La basilica non appartiene quindi né all’Occidente né all’Oriente: è un terreno neutrale e per questo è perfetta per parlare di cessate il fuoco e di pace. Dopo 50 anni di relazioni internazionali costruite e rafforzate sul campo attraverso l’Associazione Mitteleuropa, il mio impegno concreto è di contattare le autorità politiche, diplomatiche e religiose per proporre la Basilica di Aquileia come luogo di incontro tra Russia e Ucraina per i prossimi negoziati. Perché non tentare? Lo faccio per la mia terra, sapendo di avere al mio fianco il supporto della Regione Fvg in primis”.
Durante il Forum, infatti, sono emerse tutte le difficoltà dell’Europa occidentale che attraversa una profonda crisi politica ed economica. Quello che è certo è che bisogna arrivare alla pace tra Russia e Ucraina prima possibile: come ha detto il corrispondente di guerra Fausto Biloslavo, “la pace giusta non esiste nella storia, gli ucraini sanno benissimo che non verrà restituito nemmeno un centimetro dei territori occupati. Dobbiamo però lavorare per un congelamento della fine del fronte, cercando di evitare un quarto anno di guerra, ma andando verso il primo anno di tregua.”
Si è parlato molto anche di riarmo europeo. Come ha sottolineato Gianandrea Gaiani, direttore di “Analisi Difesa” e più volte consulente dei Ministeri della Difesa e degli Interni, “il riarmo dell’Europa è insostenibile in termini finanziari: non produciamo più acciaio, abbiamo poche industrie chimiche, ci siamo giocati l’energia a basso costo della Russia. In più, per l’Italia, riarmo significa aumentare il debito pubblico che è già altissimo, oppure reperire risorse tagliando la spesa sociale. Ma il rischio è il disastro economico e la destabilizzazione sociale.”

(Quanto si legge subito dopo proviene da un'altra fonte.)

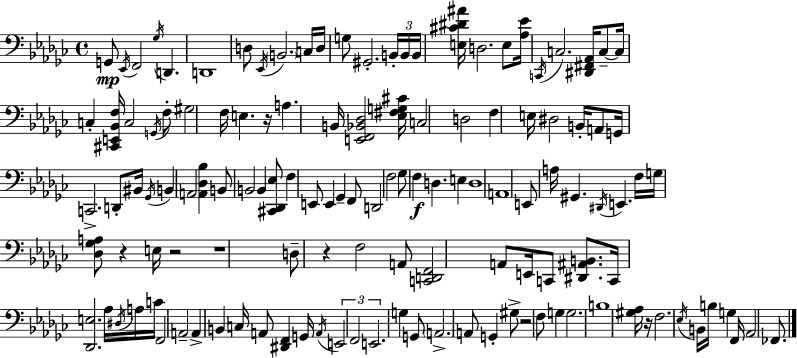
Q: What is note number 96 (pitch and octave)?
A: G2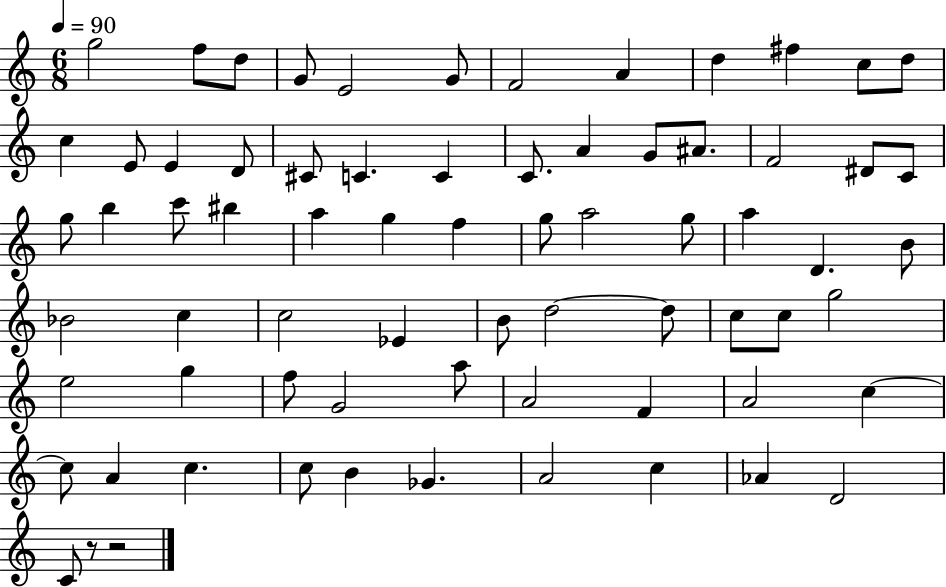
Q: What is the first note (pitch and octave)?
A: G5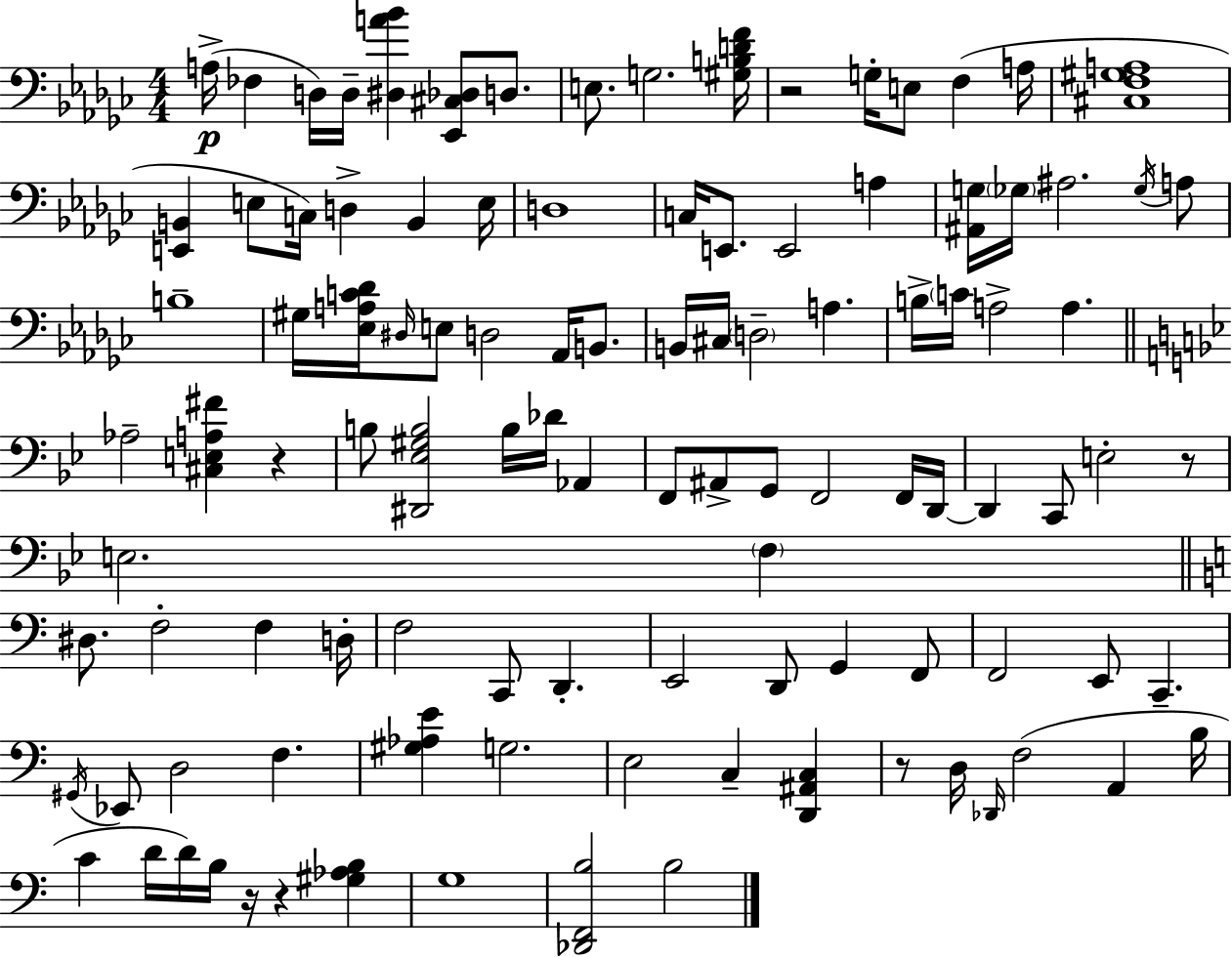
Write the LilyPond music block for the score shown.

{
  \clef bass
  \numericTimeSignature
  \time 4/4
  \key ees \minor
  \repeat volta 2 { a16->(\p fes4 d16) d16-- <dis a' bes'>4 <ees, cis des>8 d8. | e8. g2. <gis b d' f'>16 | r2 g16-. e8 f4( a16 | <cis f gis a>1 | \break <e, b,>4 e8 c16) d4-> b,4 e16 | d1 | c16 e,8. e,2 a4 | <ais, g>16 \parenthesize ges16 ais2. \acciaccatura { ges16 } a8 | \break b1-- | gis16 <ees a c' des'>16 \grace { dis16 } e8 d2 aes,16 b,8. | b,16 cis16 \parenthesize d2-- a4. | b16-> \parenthesize c'16 a2-> a4. | \break \bar "||" \break \key bes \major aes2-- <cis e a fis'>4 r4 | b8 <dis, ees gis b>2 b16 des'16 aes,4 | f,8 ais,8-> g,8 f,2 f,16 d,16~~ | d,4 c,8 e2-. r8 | \break e2. \parenthesize f4 | \bar "||" \break \key c \major dis8. f2-. f4 d16-. | f2 c,8 d,4.-. | e,2 d,8 g,4 f,8 | f,2 e,8 c,4.-- | \break \acciaccatura { gis,16 } ees,8 d2 f4. | <gis aes e'>4 g2. | e2 c4-- <d, ais, c>4 | r8 d16 \grace { des,16 } f2( a,4 | \break b16 c'4 d'16 d'16) b16 r16 r4 <gis aes b>4 | g1 | <des, f, b>2 b2 | } \bar "|."
}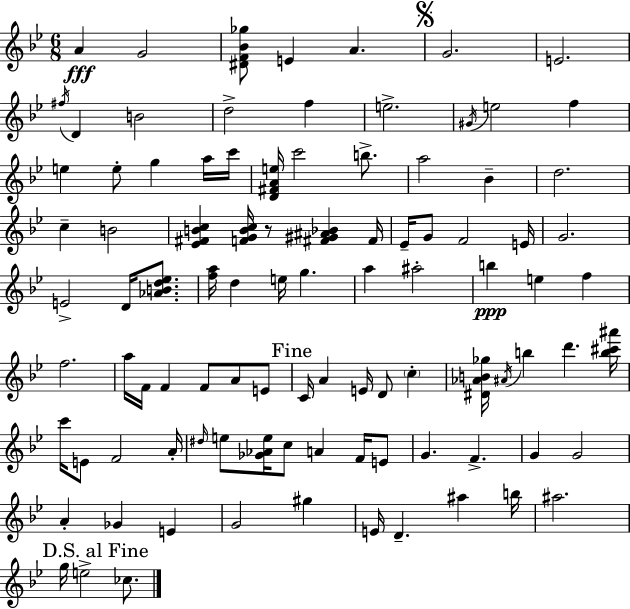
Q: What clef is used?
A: treble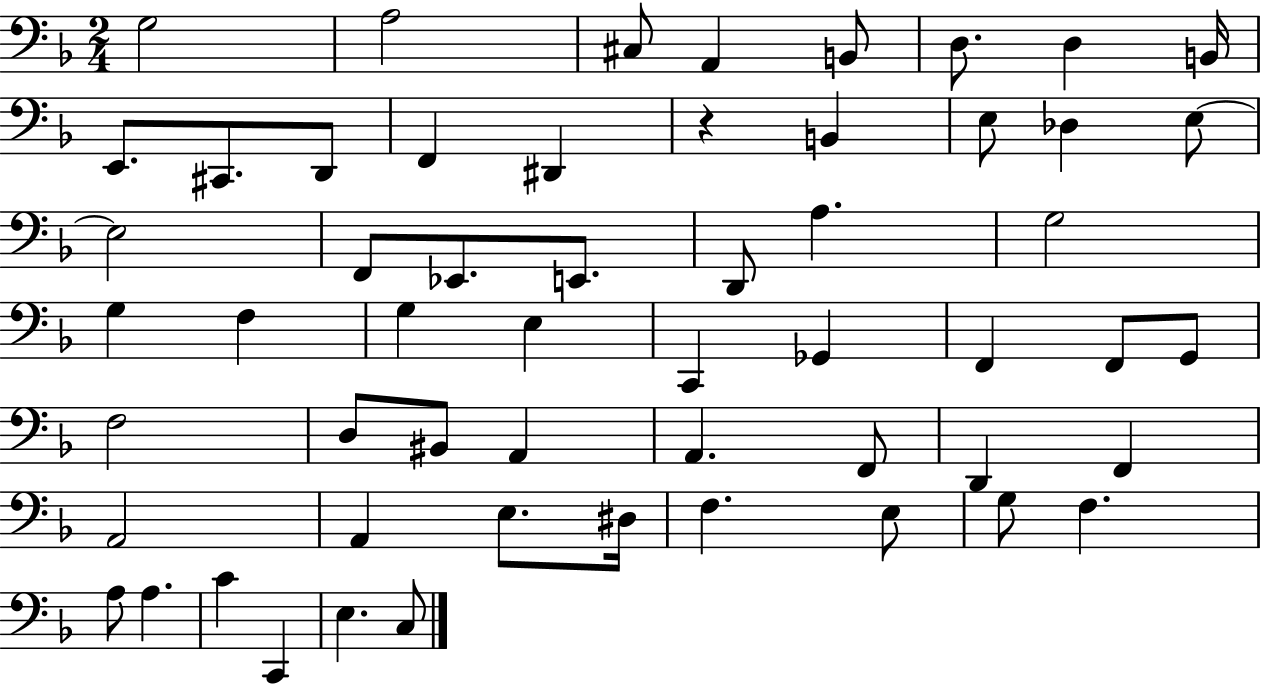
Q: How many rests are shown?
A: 1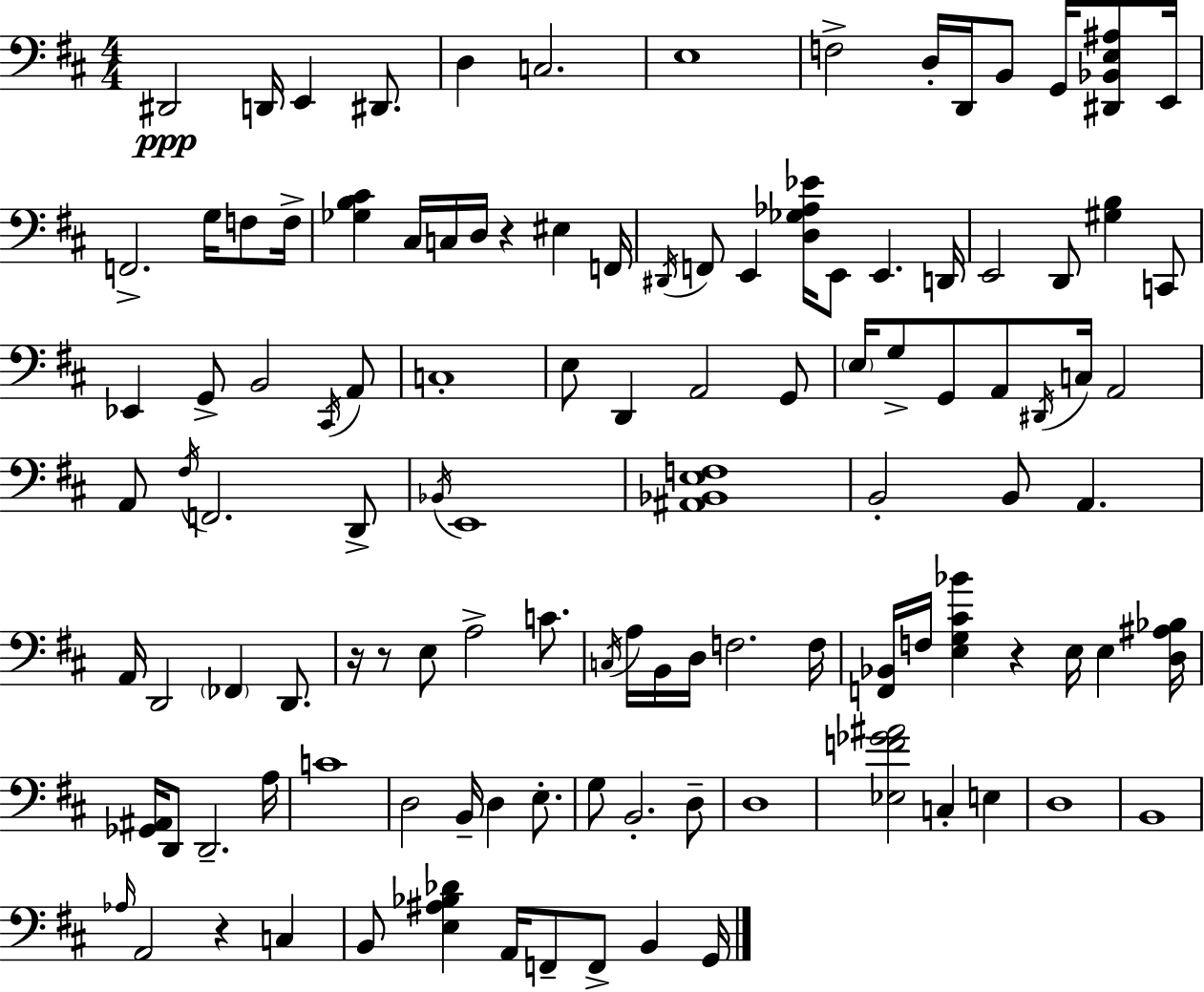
{
  \clef bass
  \numericTimeSignature
  \time 4/4
  \key d \major
  \repeat volta 2 { dis,2\ppp d,16 e,4 dis,8. | d4 c2. | e1 | f2-> d16-. d,16 b,8 g,16 <dis, bes, e ais>8 e,16 | \break f,2.-> g16 f8 f16-> | <ges b cis'>4 cis16 c16 d16 r4 eis4 f,16 | \acciaccatura { dis,16 } f,8 e,4 <d ges aes ees'>16 e,8 e,4. | d,16 e,2 d,8 <gis b>4 c,8 | \break ees,4 g,8-> b,2 \acciaccatura { cis,16 } | a,8 c1-. | e8 d,4 a,2 | g,8 \parenthesize e16 g8-> g,8 a,8 \acciaccatura { dis,16 } c16 a,2 | \break a,8 \acciaccatura { fis16 } f,2. | d,8-> \acciaccatura { bes,16 } e,1 | <ais, bes, e f>1 | b,2-. b,8 a,4. | \break a,16 d,2 \parenthesize fes,4 | d,8. r16 r8 e8 a2-> | c'8. \acciaccatura { c16 } a16 b,16 d16 f2. | f16 <f, bes,>16 f16 <e g cis' bes'>4 r4 | \break e16 e4 <d ais bes>16 <ges, ais,>16 d,8 d,2.-- | a16 c'1 | d2 b,16-- d4 | e8.-. g8 b,2.-. | \break d8-- d1 | <ees f' ges' ais'>2 c4-. | e4 d1 | b,1 | \break \grace { aes16 } a,2 r4 | c4 b,8 <e ais bes des'>4 a,16 f,8-- | f,8-> b,4 g,16 } \bar "|."
}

E come ha sottolineato Lamberto Zannier, già segretario generale dell’Osce e grande esperto dell’area balcanica, “realizzare il riarmo europeo è già di per sé difficile, ma prima di tutto bisogna avere una linea politica comune, una chiara strategia condivisa che non può avere zone di ambiguità o incertezza, soprattutto nei rapporti internazionali”.
Le difficoltà dell’Europa sono enormi, anche in temi più ampi rispetto al conflitto. Georg Meyr, professore di Storia delle relazioni internazionali all'Università di Trieste, ha dichiarato infatti che “l’Europa esiste a livello territoriale, ma non c’è un’Europa politica coesa e quindi ciò rappresenta già un primo grande ostacolo ad essere competitor dei grandi del mondo come Cina o Stati Uniti.”
Adriano Segatori, psichiatra, giornalista e consulente del tribunale di Gorizia, ha spiegato come “all’Europa di oggi manchino ormai tre grandi pilastri, ovvero identità, cultura e politica: abbiamo davanti un duro lavoro di recupero”.
Suddiviso in due panel dai titoli molto evocativi, “Guerra e Pace” e “Europa senza Europa”, il Forum ha visto la presenza di decine tra i più qualificati diplomatici europei, consoli ed ambasciatori. Per citarne alcuni, Miloš Prica, coordinatore nazionale della Bosnia Erzegovina presso la Central European Initiative, l’ambasciatore per la cooperazione internazionale Philippe Voiry che arriva dal Quai d’Orsay, Ministero degli Esteri della Francia e Aldo Amati, già ambasciatore italiano della Repubblica Ceca e consigliere diplomatico del Ministro Giorgetti.